I'm already wondering just how out of touch and feeble-minded I'd already feel if I couldn't look up things that no amount of brain-wracking can manage to rustle up from my onboard gray matter.
Meanwhile, the technology gets faster and the volumes of information, from eternal truths to fake news, and all the vacuous memes in between, get more complete (and repetitive). Maybe even when I'm a drooling, senile old lump, the internet will still make me seem as "with it" as any real teenager of that era.
Hmmm.
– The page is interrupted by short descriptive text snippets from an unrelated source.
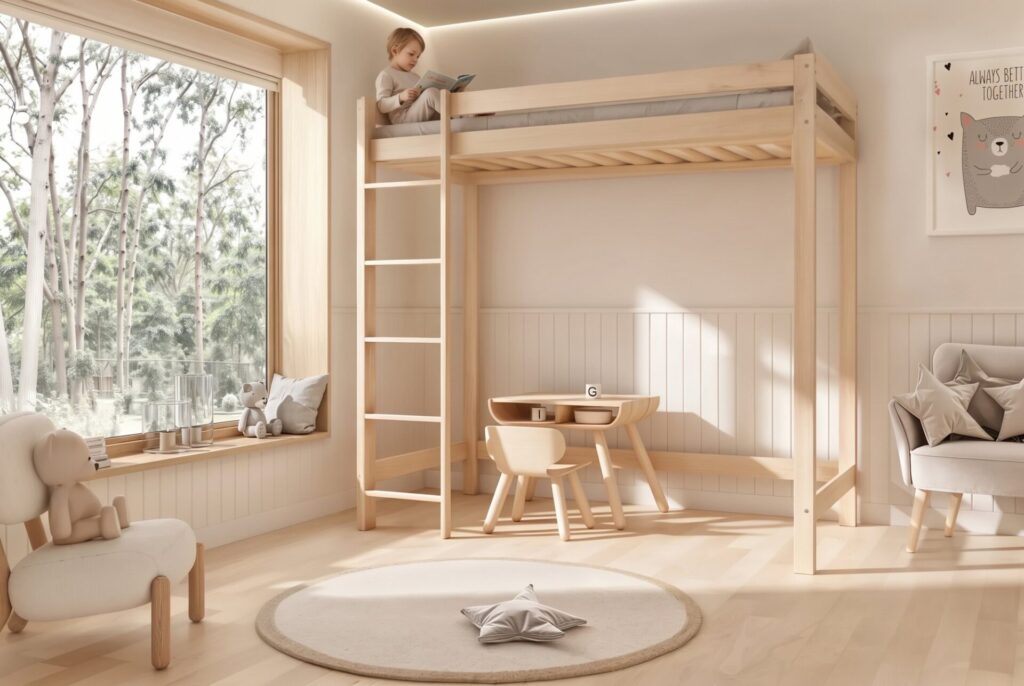 Kind im Etagenbett für Kinder AVELA 180cm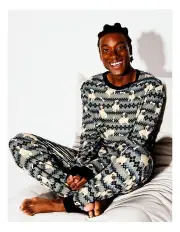[Kenji] Pug & Bone Cosy Knit PJ Set in Blue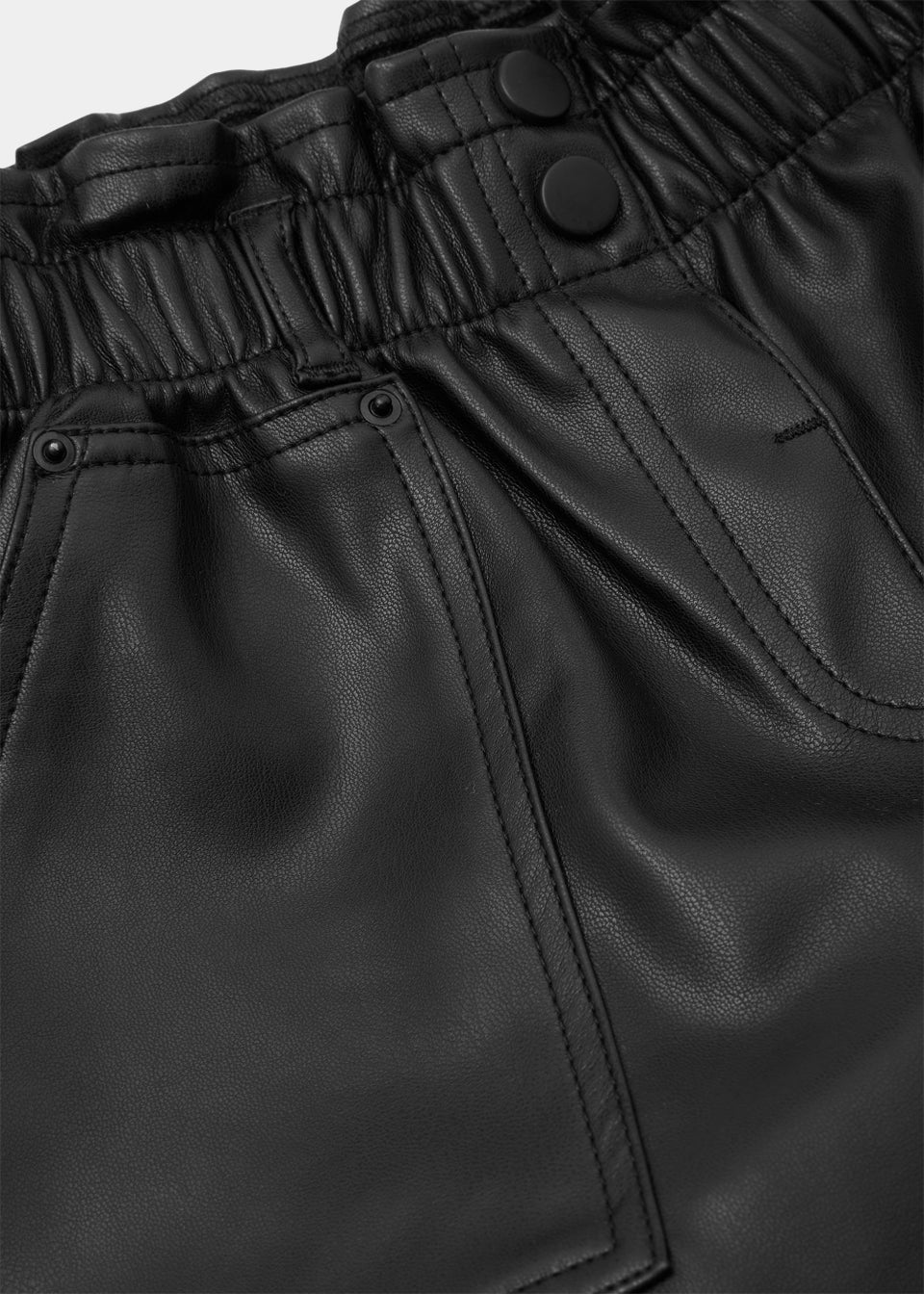 Girls Black PU Paperbag Shorts (4-15yrs)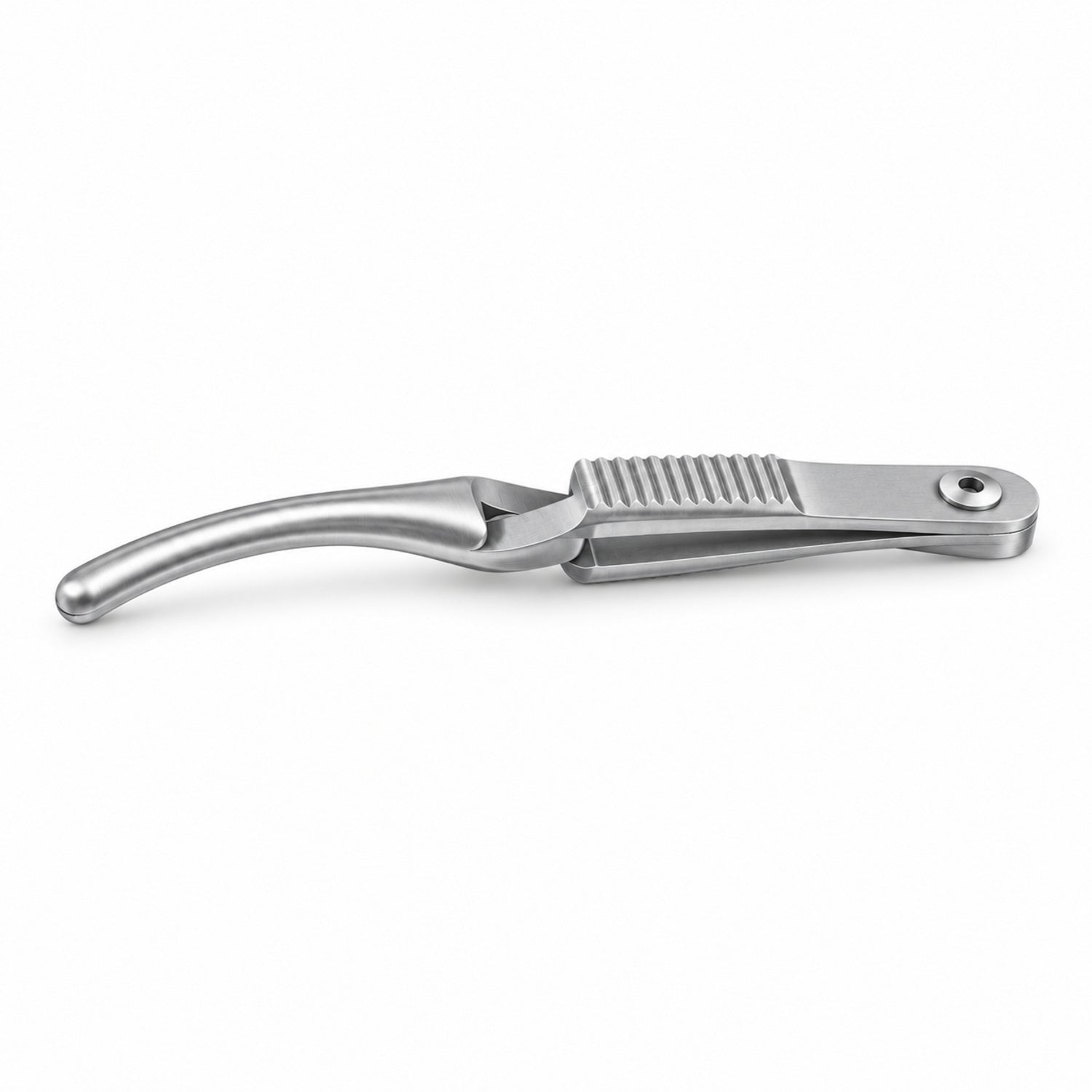 Johns Hopkins Bulldog Clamp – Curved, 50 mm Jaw — side profile, catalogue illustration on white background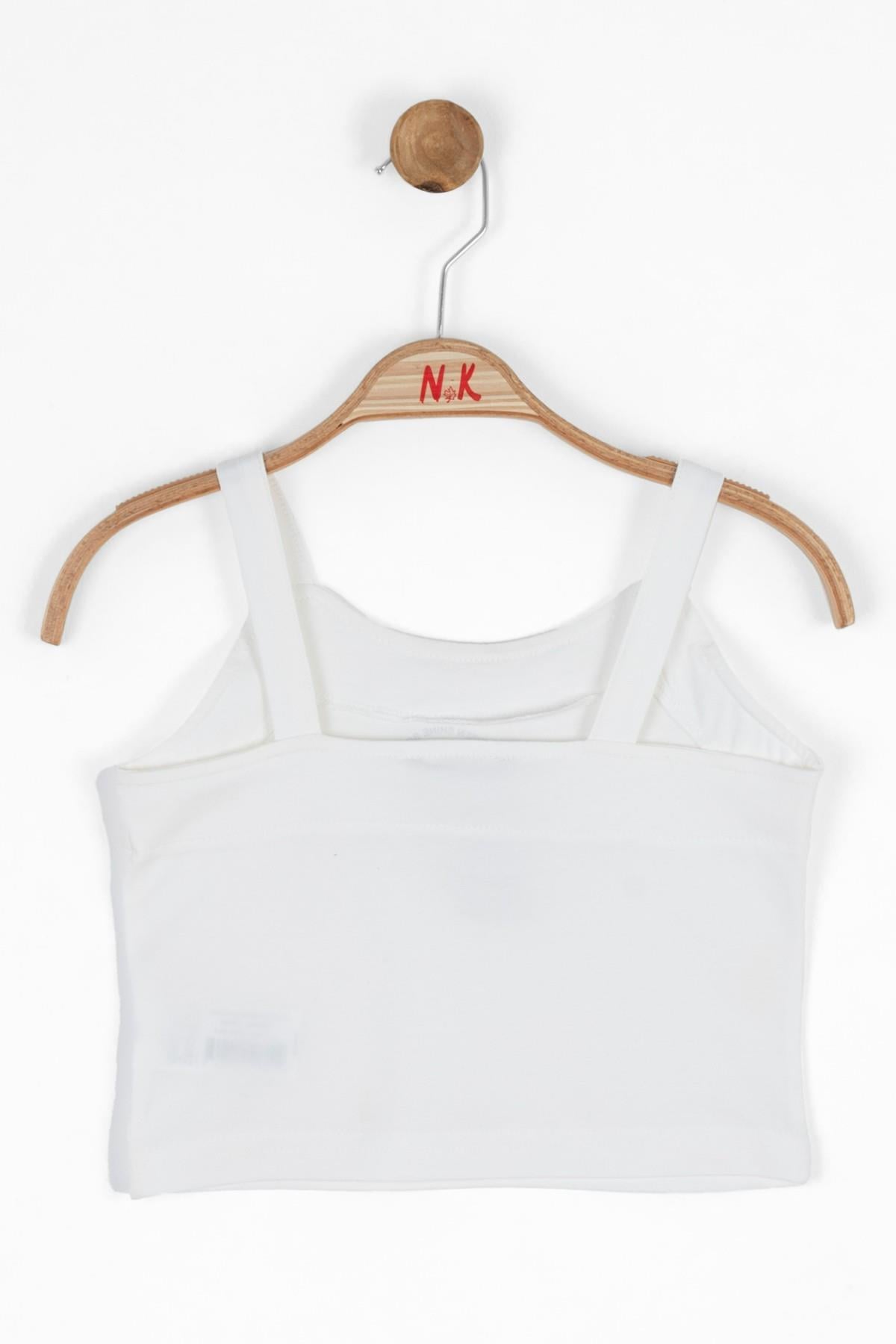 Nk Kids Kız Çocuk Palmiye İşlemeli Askılı Crop 36400 Ekru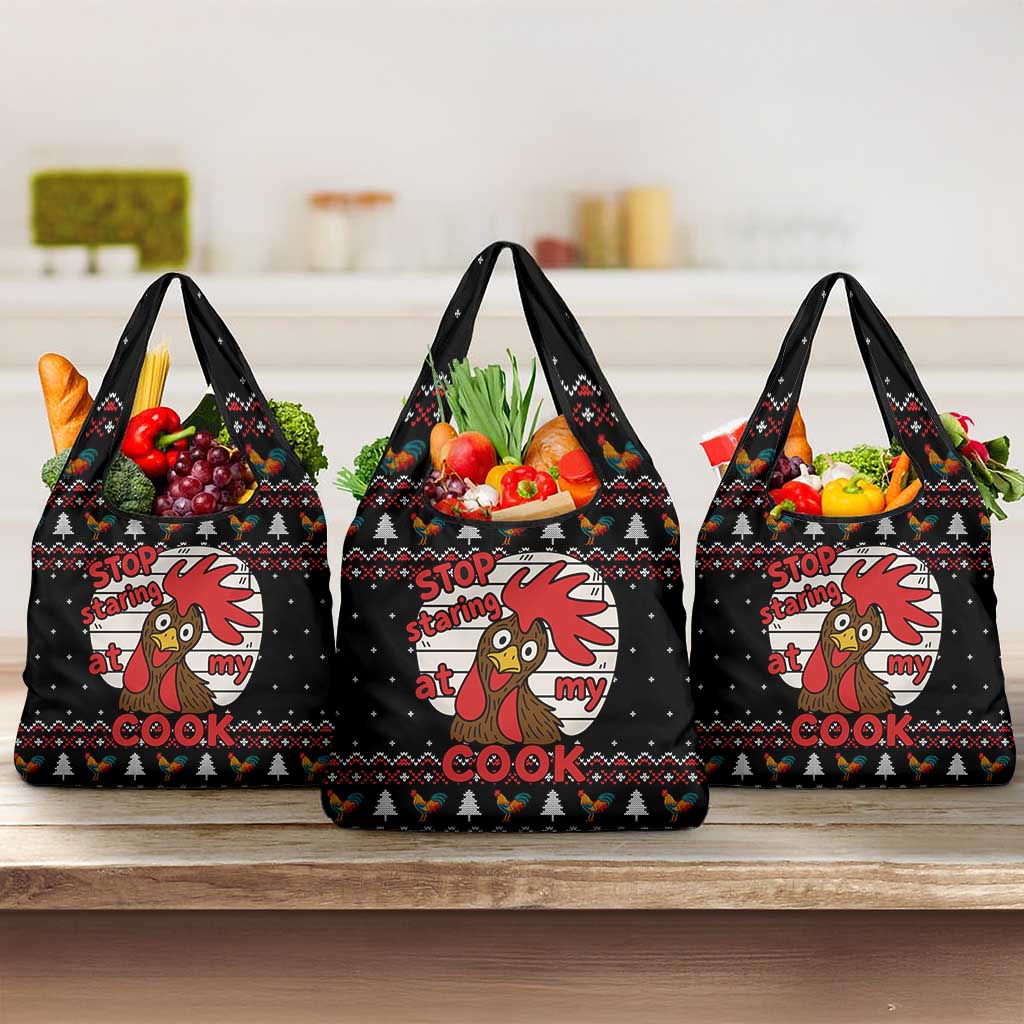 Chicken Stop Christmas Grocery Bag Xmas Holiday Patterns - Wonder Print Shop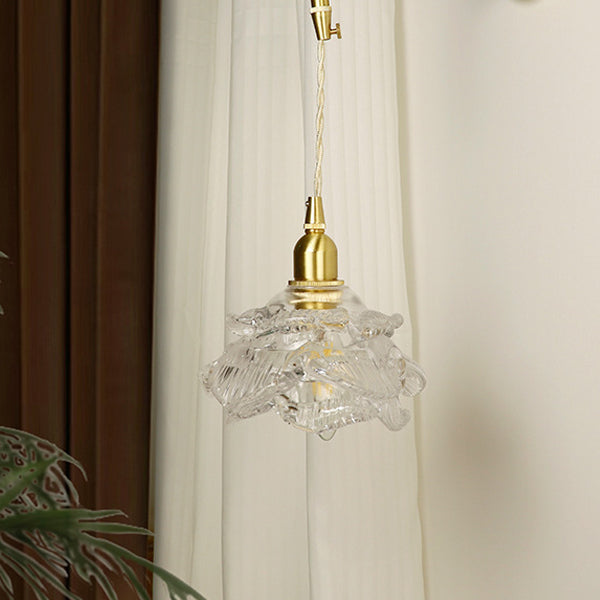 Luxury Rose Glass Brass 1-Light Wall Sconce Lamp
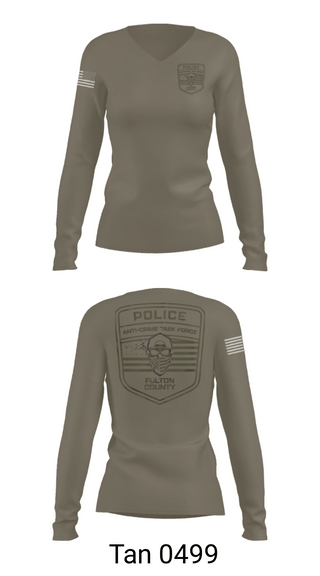 Womens Long Sleeve Vneck Shirt, Fulton County Anti-Crime Task Force, , Teamtime, Team time, sublimation, custom sports apparel, team uniforms, spirit wear, spiritwear, sports uniforms, custom shirts, team store, custom team store, fundraiser sports, apparel fundraiser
That would actually be kind of sad, wouldn't it?
© Tuesday, July 3, 2018 Kevin McGehee
What must it feel like to be an attorney arguing a case before the jury, knowing that every single one of them has tuned you out -- not just you and your side of the debate, but the debate itself? The whole topic?
Increasingly, that's how this nation's ruling elite feels, especially since November 2016. Instapundit has pointed out repeatedly in the past week or so that "there’s a huge gap between elite and mainstream opinion" on immigration policy, but if you look at the survey results going back many, many years, it's also true of, for example, climate policy. The elites keep arguing, trying to win over the public, and nobody's listening.
That's why they were already going off the rails even before the last presidential election, and it's why they've gone positively berserk since then.
Their pre-2016 behavior is, of course, why 2016 happened, and afterward they've acted as if it's their mission to justify the election result. When Hillary Clinton called half of all Trump supporters a "basket of deplorables," it was positively mild compared to what they're saying now.
Getting back to my attorney metaphor: if you've ever watched lawyer shows on TV you know that an attorney who senses that he's losing the jury comes up with some way to change the momentum, to regain their attention and refocus it in a way that benefits his client. What he doesn't do is climb up on the table and start yelling insults at them. He doesn't track them down at home and stage demonstrations on their front porches. He doesn't ambush them in their yards and beat them up or try to shoot them at softball practice.
That would get him disbarred and -- one should hope -- thrown in jail.
The Democrats and certain elite Republicans have spent the past 20 months trying to persuade America to restore them to power by acting like people who should never again be given even as much responsibility as a middle-school hall monitor.
This is why people like Roger Simon say the Democratic Party must have a death wish. I'm not so sure about that; I think it's the natural consequence of emptying and closing down all the maximum-security mental institutions.